Kasinthula Cane Growers’ Association (KCG) is a smallholder sugar cane project located in southern Malawi.
About KCG
In Malawi, long droughts occasionally result in famine, and the twice-yearly rains often bring floods. Literacy levels are low and poverty is widespread. Most people live in basic mud huts with thatched roofs and few can afford to keep livestock. Families eke out a living growing maize, cassava or rice, while others earn cash from sugar cane or cotton, or by labouring on nearby sugar plantations.
I understand that Fairtrade is all about business. It means that we get an extra payment by the Premium and access to international markets.
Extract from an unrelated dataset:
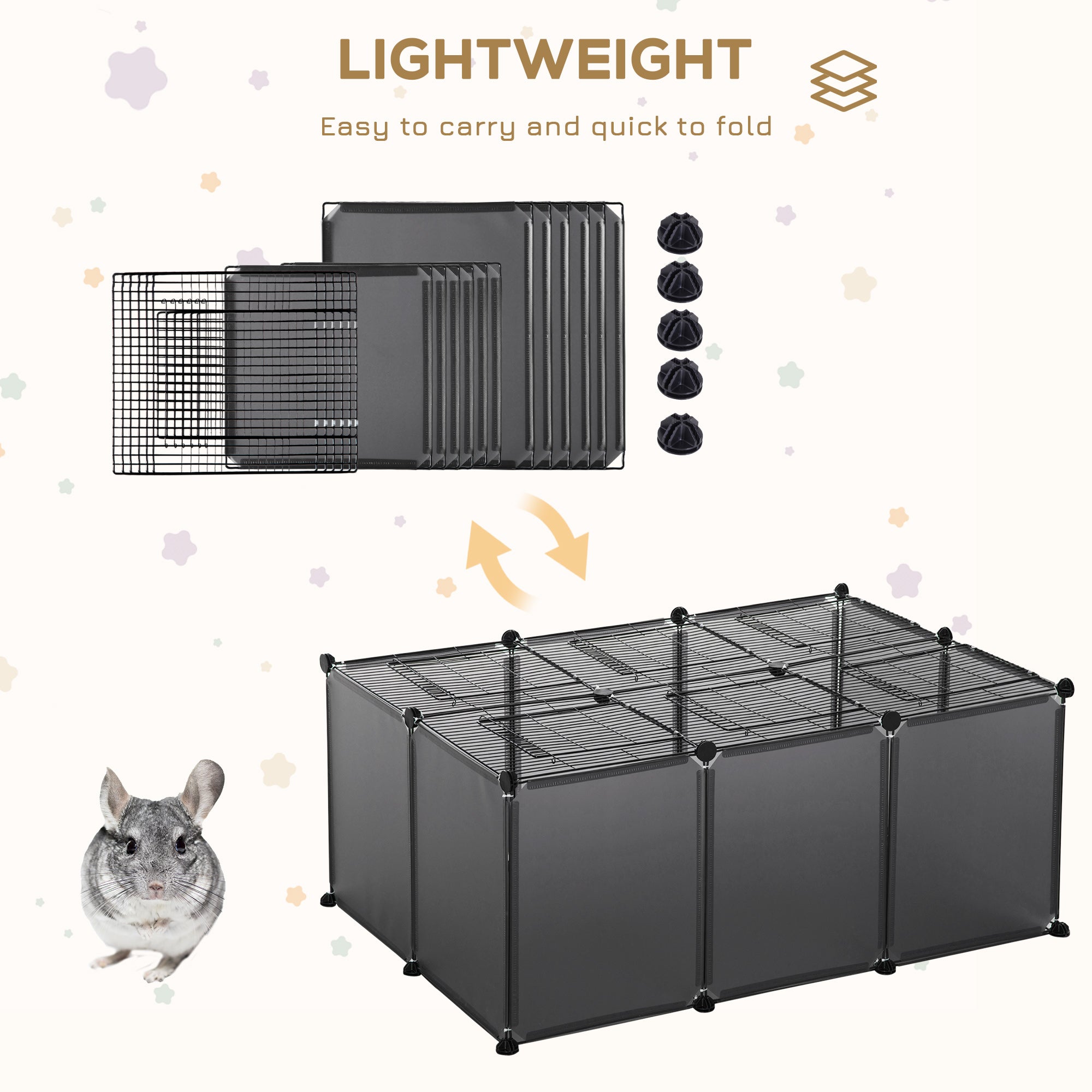 PawHut DIY Pet Playpen with Door Bottom 22 Panels Small Animal Cage for Guinea Pigs, Rabbit, Chinchilla, Grey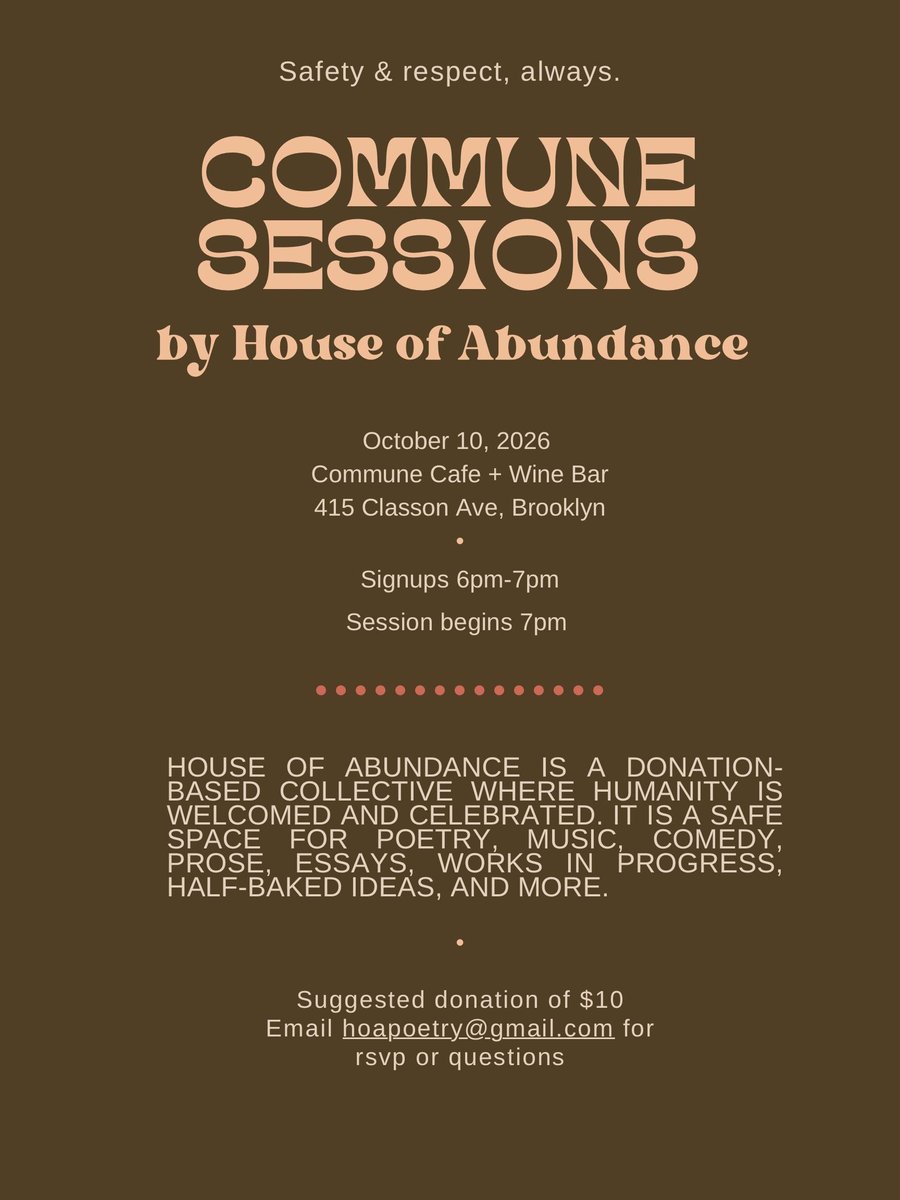 Show: The Fricatives @ House of Abundance 2026-10-10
Alfred Buta, Kasinthula Cane Growers’ Association
KCG was set up in 1996 as part of a joint venture with the Malawi government and a nearby sugar mill, now operated by Illovo Sugar. An area of largely unproductive land was converted to sugar cane production to increase the supply of raw cane to the mill while providing an income for 282 subsistence farmers. The initiative now also provides employment for nearly 800 permanent and seasonal field workers.
Fairtrade Premium
KCG receives a Fairtrade Premium of $60/tonne for all Fairtrade sales. Premium funds have been invested in improving productivity and in healthcare, clean water, education and other projects to alleviate poverty in the community. For example:
- A new primary school allows children to start school when they are five years old. Previously, they had to wait until they were seven or eight, when they were old enough to walk the long distance to the nearest school.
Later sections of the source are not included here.